## Given records
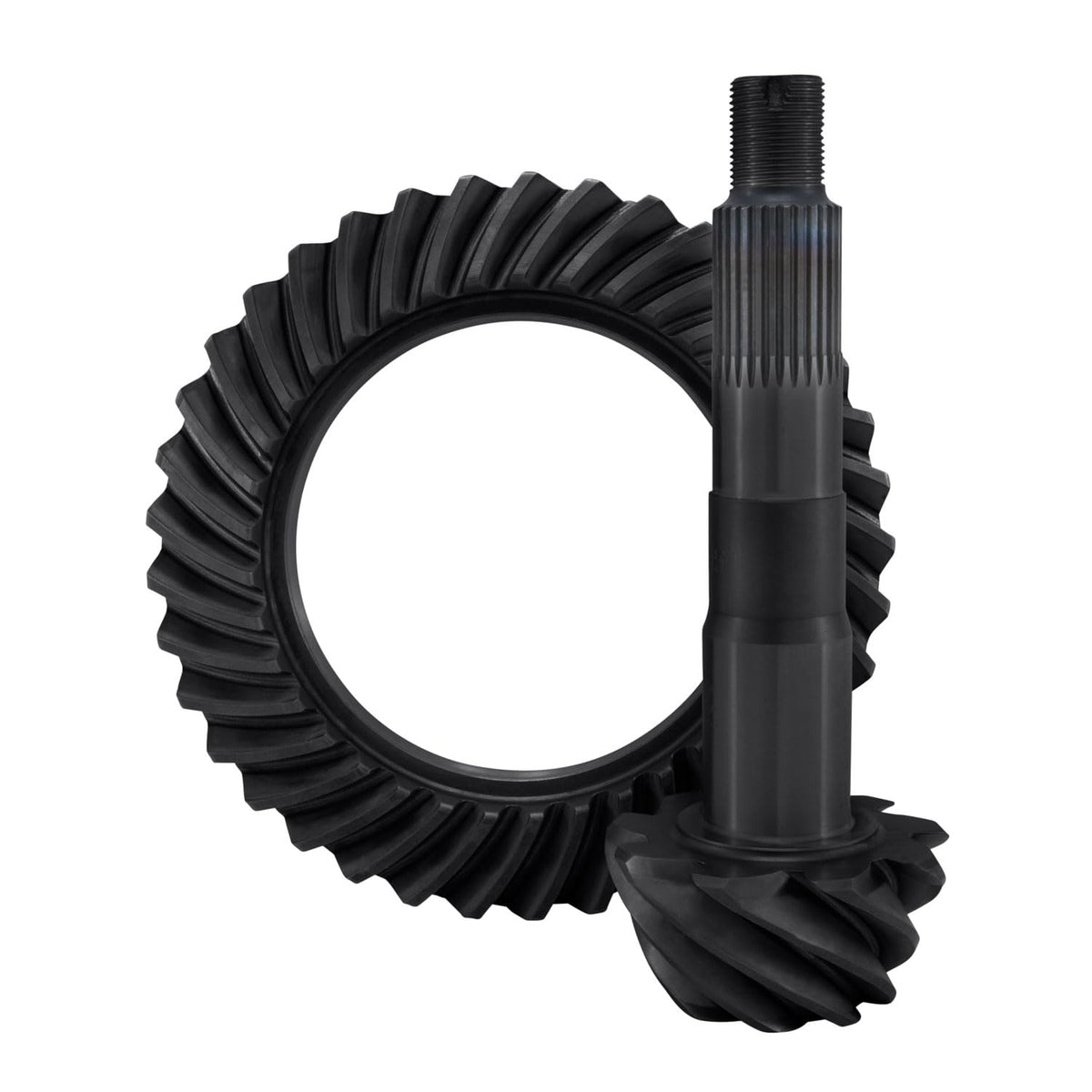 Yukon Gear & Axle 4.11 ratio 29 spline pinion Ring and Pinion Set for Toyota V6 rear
...
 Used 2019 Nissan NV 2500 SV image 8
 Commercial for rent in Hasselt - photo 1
--
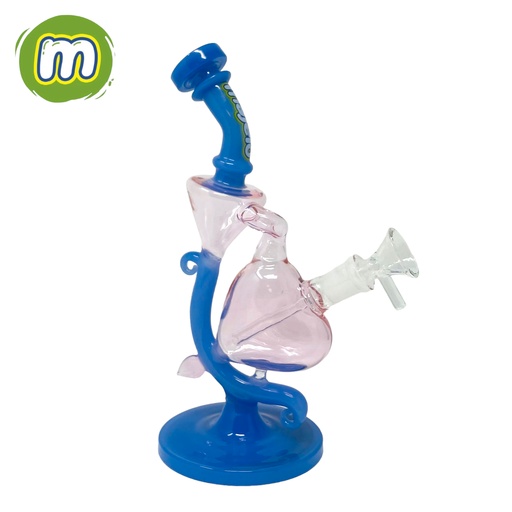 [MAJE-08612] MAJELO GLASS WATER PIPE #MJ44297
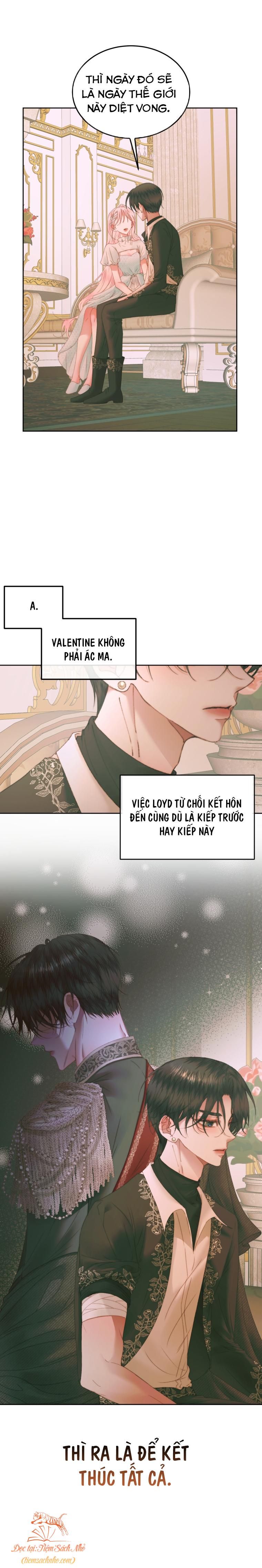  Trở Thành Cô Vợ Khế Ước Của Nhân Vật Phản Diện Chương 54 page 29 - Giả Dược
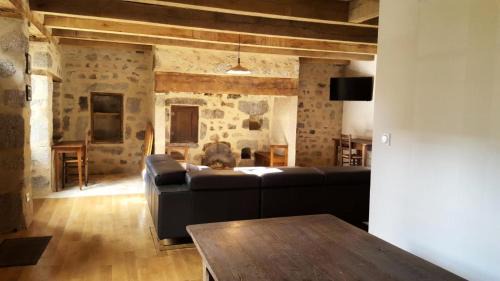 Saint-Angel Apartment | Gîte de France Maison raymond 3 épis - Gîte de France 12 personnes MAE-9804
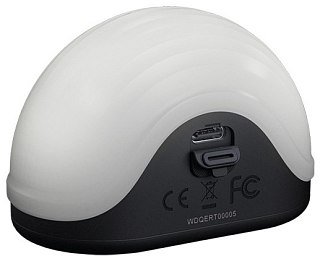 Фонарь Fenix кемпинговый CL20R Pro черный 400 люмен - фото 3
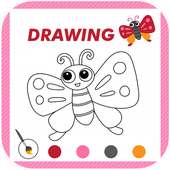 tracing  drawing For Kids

## Your goal
Return the span of lines in the data above that opens at the line with "Used 2019 Nissan NV 2500 SV image 8" and closes at the line with "Commercial for rent in Hasselt - photo 1", exactly, ends included, nothing else.

## Output
 Used 2019 Nissan NV 2500 SV image 8
 Commercial for rent in Hasselt - photo 1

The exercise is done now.